Travel /
Whats your favourite Polish city and why? [132]
While in Warsaw you may perhaps consider visiting the "Pompeii. Life in the shadow of a vulcano" hi-tech exibition by Samsung on the National Stadium which came directly from Naples in Italy and they say it is magnificent. But the exibition was shown in the British Museum in London in 2013 where it was nominated the "cultural event of the year", so you may have seen it already.
In Wilanów Palace there is this collection of "coffin portaits", a distinctively Polish phenomenon which did not occur elswhere in Europe, they say. It is part of their general painting collection.

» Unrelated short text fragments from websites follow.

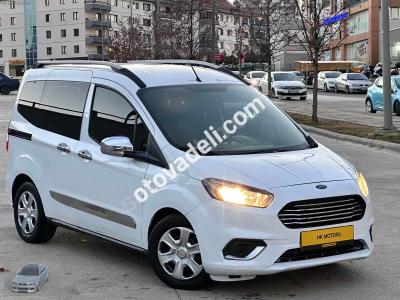 Ford Tourneo Courier 2022 1.5 TDCi Delux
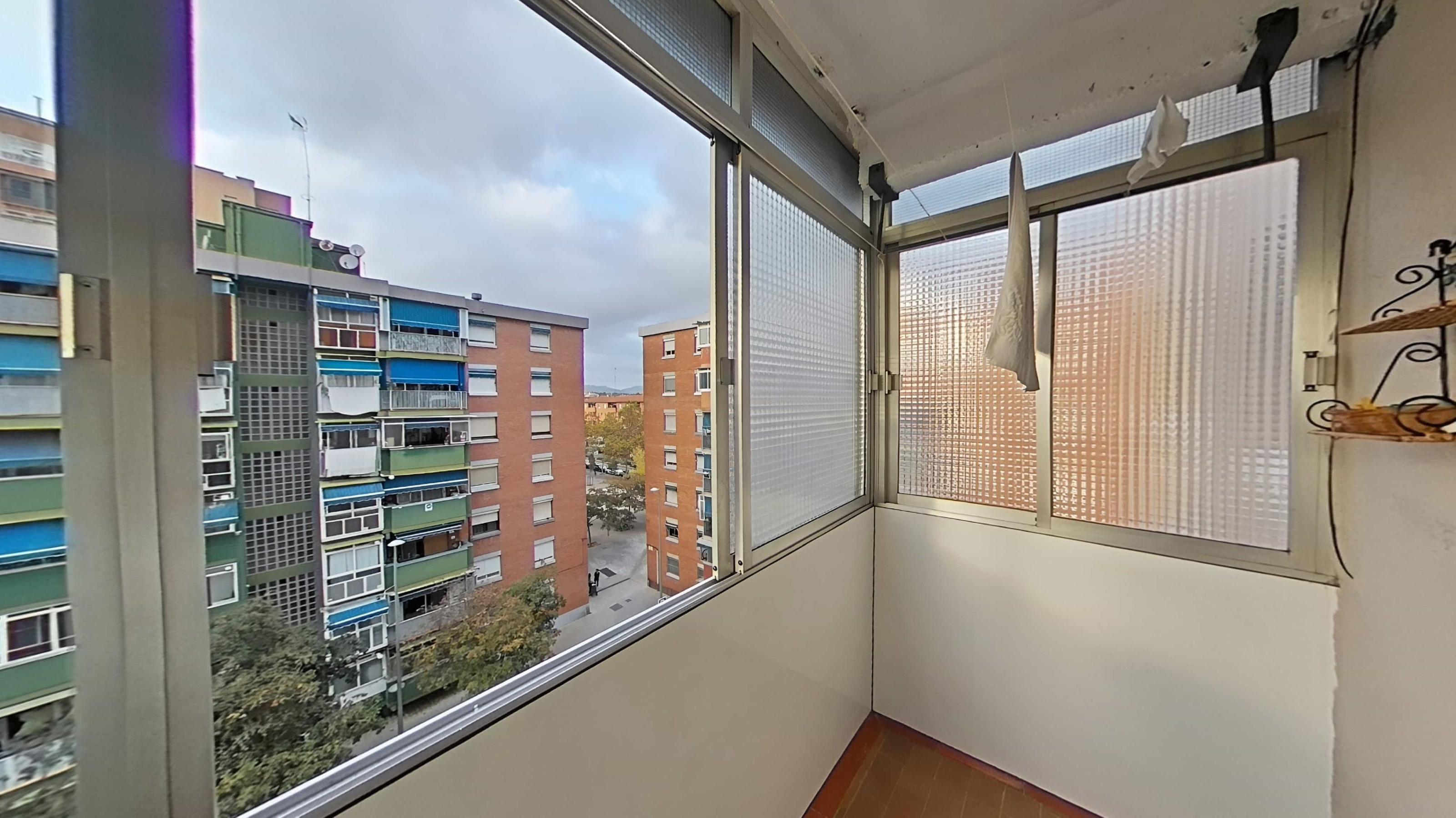 Imagen 1 Piso en venta en Sabadell / Jto. a una de las mejores zonas comerciales de Sabadell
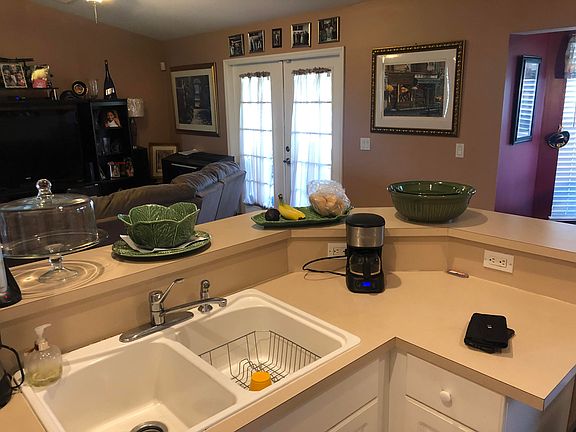 Home For Sale In Port Saint Lucie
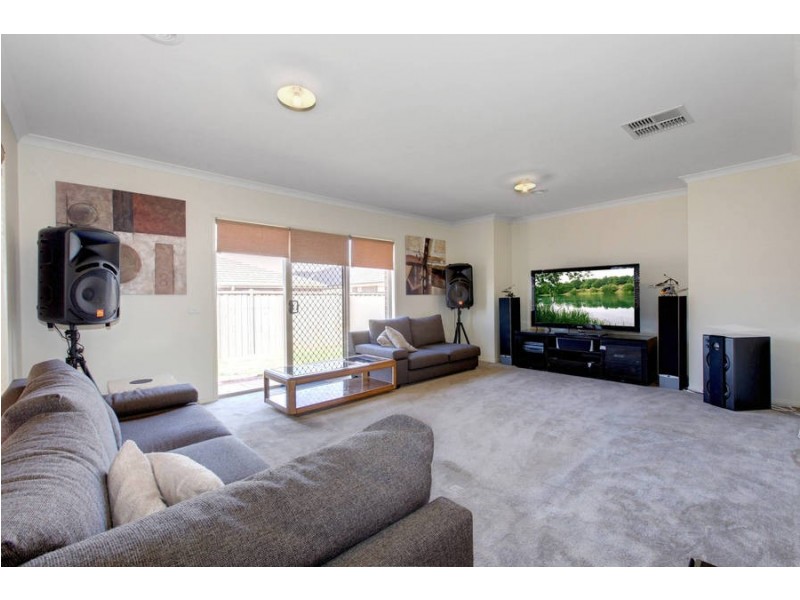 154 Clarkes Road, Brookfield VIC 3338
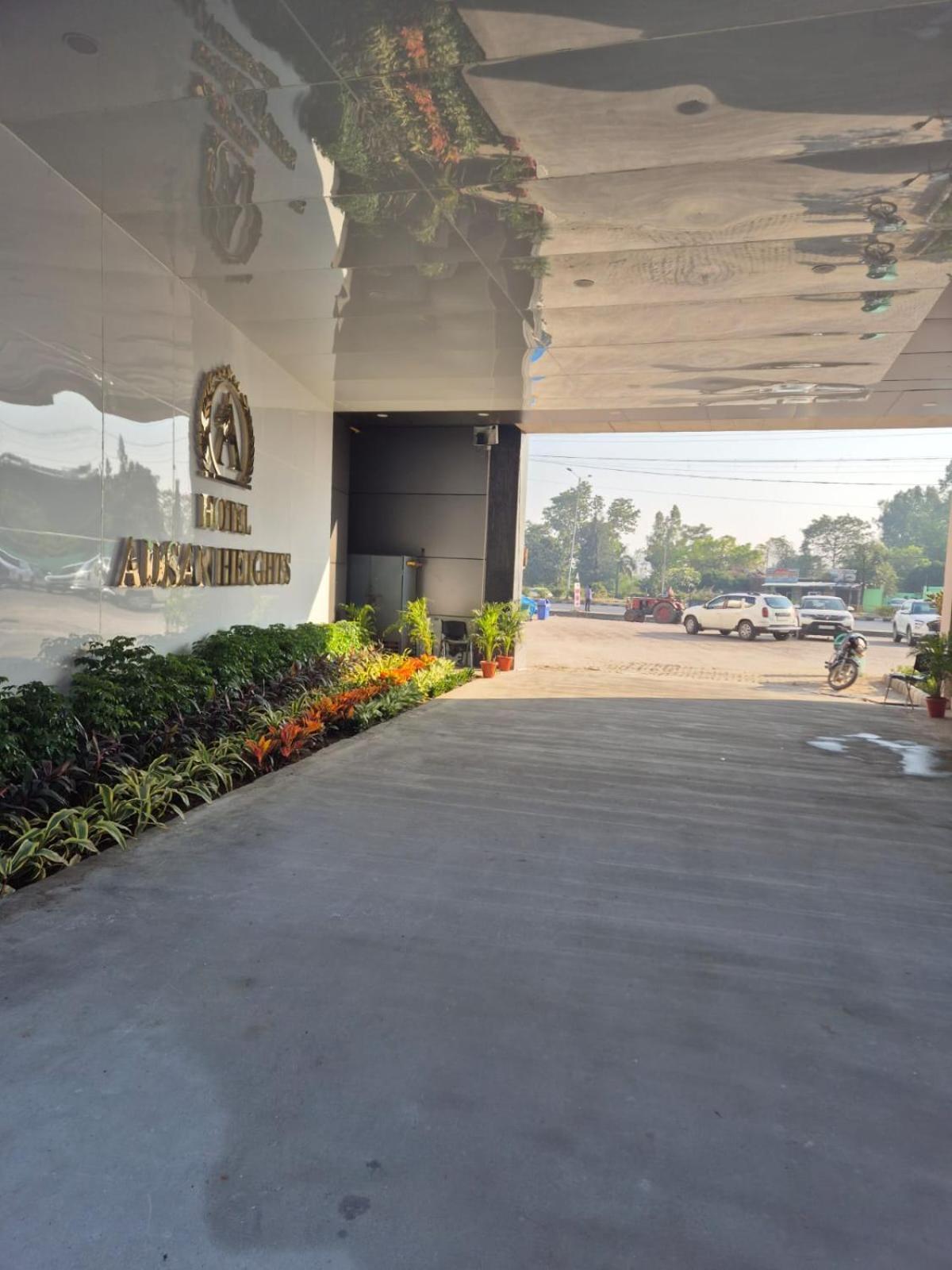 Hotel Adsan Heights Gajraula Bagian luar foto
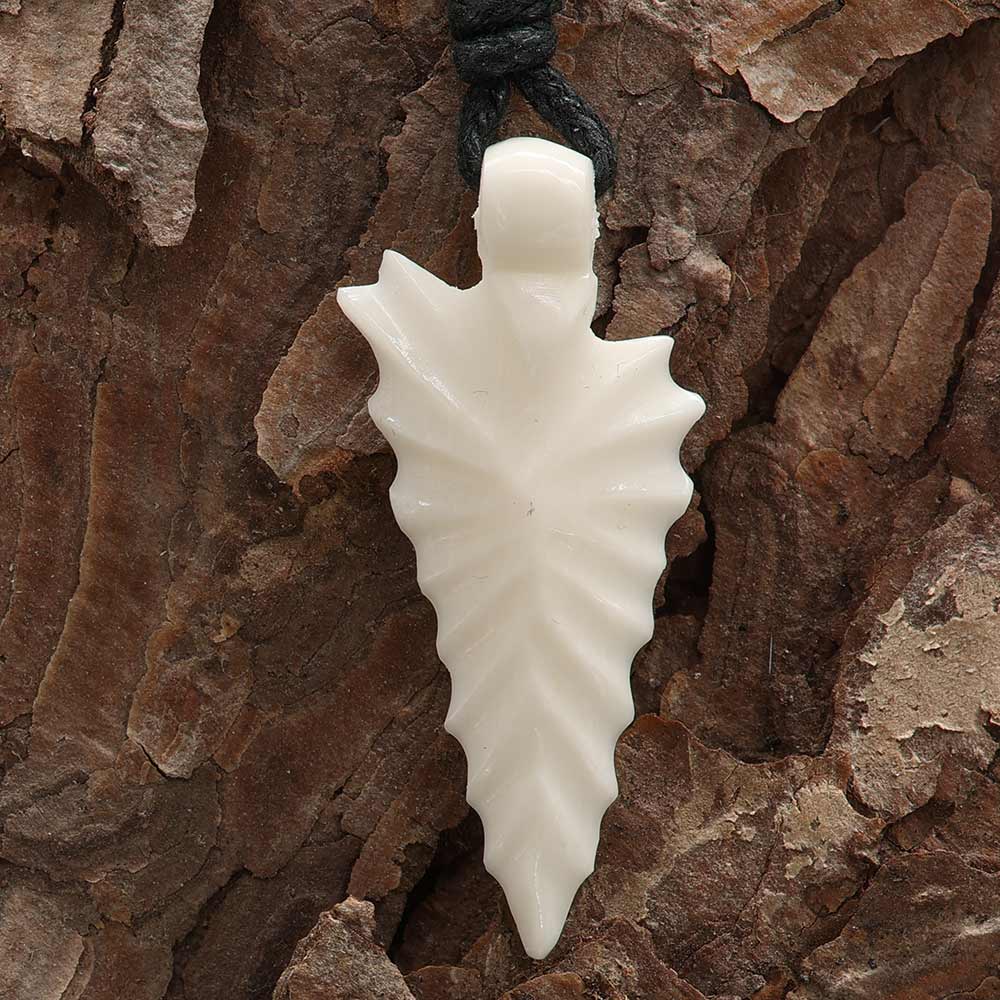 Pfeilspitze Kette Knochen Schmuck Anhänger Handarbeit fair gehandelt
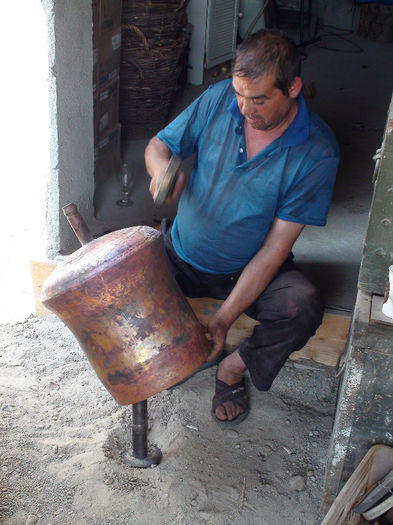 21 - 9 - CAZAN DE TUICA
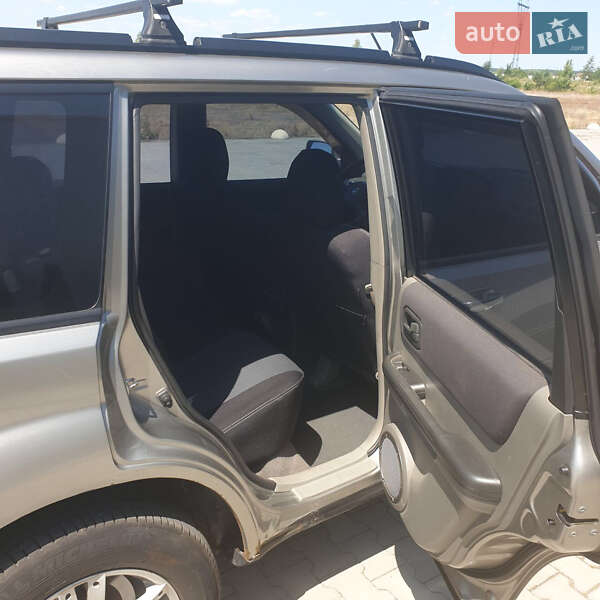 Позашляховик / Кросовер Nissan X-Trail 2005 в Києві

I received two couples of British people over the recent years showing them Warsaw and every time I was surprised at the things they liked best. These were rather short, 2 to 3 day visits, so they could see much less than you. One of the couple was fascinated by the walk over the roof of the new building of the University Library. The other were spending hours at the exibition in the same University Library entitled "London - the capital of Poland" or something like that, devoted to Polish political and cultural life in London during the Second World War, but I think they had close friends down there in the UK who were war-time exiles from Poland. The lady of that couple was a chemistry teacher and was particulary interested in seeing the Maria Skłodowska-Curie Museum. This museum is in the New Town of Warsaw, in the building where the then Maria Skłodowska was born in 1867 and used to live there with her parents until she left Poland for Paris in 1891. My friend pointed my attention to the fact who is on the photos showing the scientists of the time: "Look, these are all men and the only woman among them is Marie Curie!". (Something like the pictures from the European summits in the 1980s where the only woman on them was Mrs Margret Thatcher and which some newspapers were calling a "group photograph with a lady".) The lady of the other couple observed that the portraits of Polish gentry in Wilanów Palace were quite different than the ones showing British gentry of the time (posing, smiles, dress) she saw in the UK.
As for Wrocław, I would be glad to hear your opinion some other time.